Data extracted from a collection

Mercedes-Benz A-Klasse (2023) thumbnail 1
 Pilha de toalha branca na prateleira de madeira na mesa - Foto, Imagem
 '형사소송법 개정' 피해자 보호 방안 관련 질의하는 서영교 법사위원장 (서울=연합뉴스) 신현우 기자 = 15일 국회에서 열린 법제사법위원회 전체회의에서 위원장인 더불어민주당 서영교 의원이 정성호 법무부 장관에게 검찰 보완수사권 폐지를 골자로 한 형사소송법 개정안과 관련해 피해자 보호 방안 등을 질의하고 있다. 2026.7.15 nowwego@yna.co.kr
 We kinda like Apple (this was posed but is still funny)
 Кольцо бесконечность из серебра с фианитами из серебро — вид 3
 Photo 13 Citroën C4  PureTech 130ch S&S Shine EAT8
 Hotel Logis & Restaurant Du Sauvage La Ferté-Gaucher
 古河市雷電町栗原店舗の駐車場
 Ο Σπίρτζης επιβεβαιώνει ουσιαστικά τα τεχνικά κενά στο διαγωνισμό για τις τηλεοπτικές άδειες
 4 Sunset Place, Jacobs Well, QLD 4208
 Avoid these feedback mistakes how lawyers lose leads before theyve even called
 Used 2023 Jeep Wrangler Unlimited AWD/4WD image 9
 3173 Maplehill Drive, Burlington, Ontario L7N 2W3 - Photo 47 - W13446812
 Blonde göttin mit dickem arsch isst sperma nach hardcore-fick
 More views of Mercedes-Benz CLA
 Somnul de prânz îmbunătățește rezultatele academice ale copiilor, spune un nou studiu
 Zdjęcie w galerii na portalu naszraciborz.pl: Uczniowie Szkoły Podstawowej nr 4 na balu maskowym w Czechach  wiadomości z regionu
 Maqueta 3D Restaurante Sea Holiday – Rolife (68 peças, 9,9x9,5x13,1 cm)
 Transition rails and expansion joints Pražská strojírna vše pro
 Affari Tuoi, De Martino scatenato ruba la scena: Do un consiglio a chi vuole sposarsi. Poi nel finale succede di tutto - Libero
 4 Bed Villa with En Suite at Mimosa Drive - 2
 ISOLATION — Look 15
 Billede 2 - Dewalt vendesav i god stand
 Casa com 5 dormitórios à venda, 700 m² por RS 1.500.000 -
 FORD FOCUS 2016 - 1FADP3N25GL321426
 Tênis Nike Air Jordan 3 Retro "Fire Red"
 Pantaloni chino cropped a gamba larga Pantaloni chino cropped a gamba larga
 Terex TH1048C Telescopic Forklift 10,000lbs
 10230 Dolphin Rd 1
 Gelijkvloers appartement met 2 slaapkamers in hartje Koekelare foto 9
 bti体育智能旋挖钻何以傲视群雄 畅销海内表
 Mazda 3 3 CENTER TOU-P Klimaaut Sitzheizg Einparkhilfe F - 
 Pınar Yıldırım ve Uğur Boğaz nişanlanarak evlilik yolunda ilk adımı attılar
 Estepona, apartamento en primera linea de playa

EXERCISE: Return the entries exactly through the "ISOLATION — Look 15" line.

EXERCISE SOLUTION:
Mercedes-Benz A-Klasse (2023) thumbnail 1
 Pilha de toalha branca na prateleira de madeira na mesa - Foto, Imagem
 '형사소송법 개정' 피해자 보호 방안 관련 질의하는 서영교 법사위원장 (서울=연합뉴스) 신현우 기자 = 15일 국회에서 열린 법제사법위원회 전체회의에서 위원장인 더불어민주당 서영교 의원이 정성호 법무부 장관에게 검찰 보완수사권 폐지를 골자로 한 형사소송법 개정안과 관련해 피해자 보호 방안 등을 질의하고 있다. 2026.7.15 nowwego@yna.co.kr
 We kinda like Apple (this was posed but is still funny)
 Кольцо бесконечность из серебра с фианитами из серебро — вид 3
 Photo 13 Citroën C4  PureTech 130ch S&S Shine EAT8
 Hotel Logis & Restaurant Du Sauvage La Ferté-Gaucher
 古河市雷電町栗原店舗の駐車場
 Ο Σπίρτζης επιβεβαιώνει ουσιαστικά τα τεχνικά κενά στο διαγωνισμό για τις τηλεοπτικές άδειες
 4 Sunset Place, Jacobs Well, QLD 4208
 Avoid these feedback mistakes how lawyers lose leads before theyve even called
 Used 2023 Jeep Wrangler Unlimited AWD/4WD image 9
 3173 Maplehill Drive, Burlington, Ontario L7N 2W3 - Photo 47 - W13446812
 Blonde göttin mit dickem arsch isst sperma nach hardcore-fick
 More views of Mercedes-Benz CLA
 Somnul de prânz îmbunătățește rezultatele academice ale copiilor, spune un nou studiu
 Zdjęcie w galerii na portalu naszraciborz.pl: Uczniowie Szkoły Podstawowej nr 4 na balu maskowym w Czechach  wiadomości z regionu
 Maqueta 3D Restaurante Sea Holiday – Rolife (68 peças, 9,9x9,5x13,1 cm)
 Transition rails and expansion joints Pražská strojírna vše pro
 Affari Tuoi, De Martino scatenato ruba la scena: Do un consiglio a chi vuole sposarsi. Poi nel finale succede di tutto - Libero
 4 Bed Villa with En Suite at Mimosa Drive - 2
 ISOLATION — Look 15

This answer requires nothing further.